[crypto] Allow for multiple cross-signed certificate download attempts

Certificates issued by Let's Encrypt have two options for their chain
of trust: the chain can either terminate in the self-signed ISRG Root
X1 root certificate, or in an intermediate ISRG Root X1 certificate
that is signed in turn by the self-signed DST Root CA X3 root
certificate.  This is a historical artifact: when Let's Encrypt first
launched as a project, the chain ending in DST Root CA X3 was used
since existing clients would not have recognised the ISRG Root X1
certificate as a trusted root certificate.

The DST Root CA X3 certificate expired in September 2021, and so is no
longer trusted by clients (such as iPXE) that validate the expiry
times of all certificates in the certificate chain.

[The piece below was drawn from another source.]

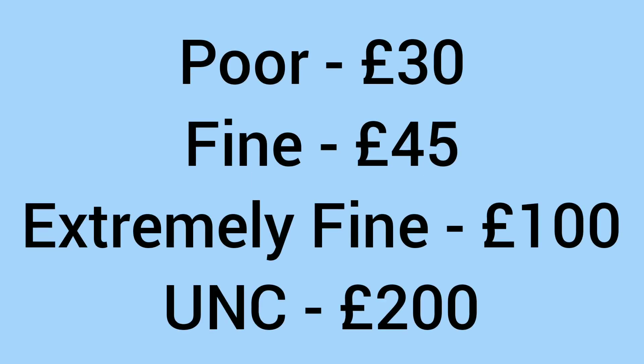So should you spend one? What's the collector value? Well, you shouldn't spend one. Even in poor condition they sell for £30, £45 in fine condition, £100 in extremely fine condition, and £200 in uncirculated grade with no wear, marks, damage, or dirt on the coin.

In order to maintain usability of certificates on older Android
devices, the default certificate chain provided by Let's Encrypt still
terminates in DST Root CA X3, even though that certificate has now
expired.  On newer devices which include ISRG Root X1 as a trusted
root certificate, the intermediate version of ISRG Root X1 in the
certificate chain is ignored and validation is performed as though the
chain had terminated in the self-signed ISRG Root X1 root certificate.
On older Android devices which do not include ISRG Root X1 as a
trusted root certificate, the validation succeeds since Android
chooses to ignore expiry times for root certificates and so continues
to trust the DST Root CA X3 root certificate.

This backwards compatibility hack unfortunately breaks the cross-
signing mechanism used by iPXE, which assumes that the certificate
chain will always terminate in a non-expired root certificate.

Generalise the validator's cross-signed certificate download mechanism
to walk up the certificate chain in the event of a failure, attempting
to find a replacement cross-signed certificate chain starting from the
next level up.  This allows the validator to step over the expired
(and hence invalidatable) DST Root CA X3 certificate, and instead
download the cross-signed version of the ISRG Root X1 certificate.

This generalisation also gives us the ability to handle servers that
provide a full certificate chain including their root certificate:
iPXE will step over the untrusted public root certificate and attempt
to find a cross-signed version of it instead.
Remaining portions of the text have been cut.